AOTW Review :: Tame Impala ‘Lonerism’

October 5th 2012


Kevin Parker carries the souls of psychedelic rock’s godfathers in his heart and has his brain plugged into the fizzling circuitry of a modern electronic music producer. But the hardware in his head has had an upgrade; this entity we refer to as Tame Impala has evolved. Ideas flow between Parker’s heart and brain at incredible speeds, swirling around, combining, separating, balancing. Step back in your mind’s eye and you’ll see a whirlpool of ideas.

Now hit play on the new Tame Impala LP and imagine Parker in his studio, sitting on a stool with his back against the wall, a single globe burning above him. In front of him is a higgledy piggledy collection of percussion instruments. Each hand clenches a thin piece of wood, his knuckles whitening as an endless mantra whispers in the back of his mind:


He hesitates for a second, then flicks a switch at the back of his head. Eyes glazing over, he surrenders to the forces inside of him that slowly whirr into life. All conscious thoughts are sucked away into a vacant corner of his mind and sealed in, and soon his hands relax their grip on the drumsticks – now Kevin is gone, and Tame Impala is here. There is no urgency, but when it feels right, the beast’s arms eventually come to life filled with vigour, powering its hands towards the tom drums suspended in front of him. Its wrists snap back and forward as they pound on the drum skins, violent but under control. As the creature’s insides flow into the drum kit, some of the hits start to distort and squelch unnaturally, their digital echoes attacking the air around them.

It is good, but more is needed.
An infinitely dense beam of colour immediately bursts forth from the very centre of the creature’s forehead, pushing waves of sound around this moment in time.
As the waves continue to swell and fade, the beast opens its mouth, broadcasting in otherworldly tones:

“And I know that I gotta be above it now
And I know that I can’t let them break me down
And I gotta bide my time as I’m facin’ the crowd
And I know that I gotta be above it now”

All this eventually sates the anomaly that sits on that stool, and it reaches behind its head for the switch.

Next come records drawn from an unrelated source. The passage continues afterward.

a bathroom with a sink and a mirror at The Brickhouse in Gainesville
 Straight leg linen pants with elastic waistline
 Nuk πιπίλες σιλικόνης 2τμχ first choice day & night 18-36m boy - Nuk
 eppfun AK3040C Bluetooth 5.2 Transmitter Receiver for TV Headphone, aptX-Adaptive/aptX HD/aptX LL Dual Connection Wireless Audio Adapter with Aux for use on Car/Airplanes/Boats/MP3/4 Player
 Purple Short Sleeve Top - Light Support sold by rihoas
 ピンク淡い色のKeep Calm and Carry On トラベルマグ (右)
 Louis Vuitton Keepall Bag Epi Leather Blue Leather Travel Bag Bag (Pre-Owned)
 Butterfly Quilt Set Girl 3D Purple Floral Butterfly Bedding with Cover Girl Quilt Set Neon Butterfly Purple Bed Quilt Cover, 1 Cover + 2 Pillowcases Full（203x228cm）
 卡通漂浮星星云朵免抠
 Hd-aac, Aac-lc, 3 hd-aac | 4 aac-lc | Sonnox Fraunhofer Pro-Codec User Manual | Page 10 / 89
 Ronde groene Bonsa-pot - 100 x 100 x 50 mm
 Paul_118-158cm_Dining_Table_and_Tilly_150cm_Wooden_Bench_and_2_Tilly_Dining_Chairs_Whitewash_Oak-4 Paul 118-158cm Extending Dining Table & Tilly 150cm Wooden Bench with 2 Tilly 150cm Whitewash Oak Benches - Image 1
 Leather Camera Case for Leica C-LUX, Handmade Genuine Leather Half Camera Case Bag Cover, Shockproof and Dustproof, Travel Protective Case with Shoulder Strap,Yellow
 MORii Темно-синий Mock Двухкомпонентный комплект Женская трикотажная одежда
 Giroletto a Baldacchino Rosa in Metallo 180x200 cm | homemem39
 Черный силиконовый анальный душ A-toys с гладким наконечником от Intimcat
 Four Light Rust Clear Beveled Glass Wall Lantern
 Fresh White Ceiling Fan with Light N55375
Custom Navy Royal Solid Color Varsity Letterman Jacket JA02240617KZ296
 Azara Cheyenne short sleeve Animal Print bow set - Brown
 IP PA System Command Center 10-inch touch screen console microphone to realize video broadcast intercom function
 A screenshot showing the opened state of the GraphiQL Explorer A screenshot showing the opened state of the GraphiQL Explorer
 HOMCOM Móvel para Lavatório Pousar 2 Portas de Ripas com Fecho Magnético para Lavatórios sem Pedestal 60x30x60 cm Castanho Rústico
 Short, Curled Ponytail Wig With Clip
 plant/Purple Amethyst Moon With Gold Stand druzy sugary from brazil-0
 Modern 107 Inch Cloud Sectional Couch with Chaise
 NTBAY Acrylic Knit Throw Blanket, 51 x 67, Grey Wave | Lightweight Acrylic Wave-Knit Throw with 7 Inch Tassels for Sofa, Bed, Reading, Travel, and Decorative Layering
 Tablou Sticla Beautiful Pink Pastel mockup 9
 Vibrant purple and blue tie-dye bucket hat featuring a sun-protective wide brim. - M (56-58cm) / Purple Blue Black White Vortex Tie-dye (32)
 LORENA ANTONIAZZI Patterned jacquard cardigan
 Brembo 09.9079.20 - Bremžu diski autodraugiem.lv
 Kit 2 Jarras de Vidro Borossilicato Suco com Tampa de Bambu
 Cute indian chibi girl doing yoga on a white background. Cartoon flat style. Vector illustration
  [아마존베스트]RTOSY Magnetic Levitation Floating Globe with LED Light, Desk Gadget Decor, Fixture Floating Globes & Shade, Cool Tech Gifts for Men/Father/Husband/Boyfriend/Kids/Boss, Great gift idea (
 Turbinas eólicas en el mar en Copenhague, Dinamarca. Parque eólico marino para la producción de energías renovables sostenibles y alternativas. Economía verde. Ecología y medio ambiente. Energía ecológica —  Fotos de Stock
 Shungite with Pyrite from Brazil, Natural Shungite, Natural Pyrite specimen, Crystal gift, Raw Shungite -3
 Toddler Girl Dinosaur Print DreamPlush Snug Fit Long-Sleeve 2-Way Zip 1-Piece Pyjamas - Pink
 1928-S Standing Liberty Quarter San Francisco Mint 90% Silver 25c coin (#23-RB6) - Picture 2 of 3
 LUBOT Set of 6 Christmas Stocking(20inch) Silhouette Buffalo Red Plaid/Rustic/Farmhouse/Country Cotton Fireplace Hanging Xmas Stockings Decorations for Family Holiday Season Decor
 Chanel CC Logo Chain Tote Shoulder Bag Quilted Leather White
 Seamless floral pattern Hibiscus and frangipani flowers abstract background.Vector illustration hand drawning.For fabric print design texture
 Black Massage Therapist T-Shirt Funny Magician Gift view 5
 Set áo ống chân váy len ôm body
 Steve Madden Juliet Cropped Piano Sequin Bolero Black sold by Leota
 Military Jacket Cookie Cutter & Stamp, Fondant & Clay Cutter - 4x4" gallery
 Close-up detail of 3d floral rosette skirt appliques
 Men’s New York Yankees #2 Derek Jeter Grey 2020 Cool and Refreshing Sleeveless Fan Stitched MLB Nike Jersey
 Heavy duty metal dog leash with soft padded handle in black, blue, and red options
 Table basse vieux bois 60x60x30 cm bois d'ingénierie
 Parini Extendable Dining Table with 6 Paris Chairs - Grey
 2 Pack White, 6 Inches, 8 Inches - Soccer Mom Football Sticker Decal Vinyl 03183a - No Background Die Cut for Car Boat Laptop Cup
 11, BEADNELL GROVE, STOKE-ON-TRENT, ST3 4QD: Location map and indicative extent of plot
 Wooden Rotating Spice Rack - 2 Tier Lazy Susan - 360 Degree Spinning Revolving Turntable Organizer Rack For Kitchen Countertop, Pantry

This first track from Kevin Parker’s new album Lonerism is certainly an attention-capturing way to kick things off and showcase his melding of the analogue and digital worlds, but like its predecessor, InnerSpeaker, it explores many different moods and themes within these boundaries. Mind Mischief is a latter-day-Beatles-esque love song that sets you twirling around in space surrounded by fuzzy guitar licks and layers of phasered vocals singing sweet melodies, whereas ‘Nothing That Has Happened So Far Has Been Anything We Could Control’ takes you on a complete journey. It opens with what sounds like an electronically-altered harpsichord, before being carried forward by an irresistible drum groove which sits under incomprehensible lyrics. Synthesised arpeggios occasionally circle overhead after a strange conversational interlude, and eventually any pretense of song structure is dropped, leaving several mountains of delicious sounds to gorge on after repeated listens. There’s even a rare treat in ‘Sun’s Coming Up’: a raw ballad with nothing but vocals and piano playing simple chords and melodies, i.e. the antithesis of this musical project’s usual antics. Of course this particular track is drenched in the echoes of guitars before long, as there’s no better fitting way to close out a Tame Impala album.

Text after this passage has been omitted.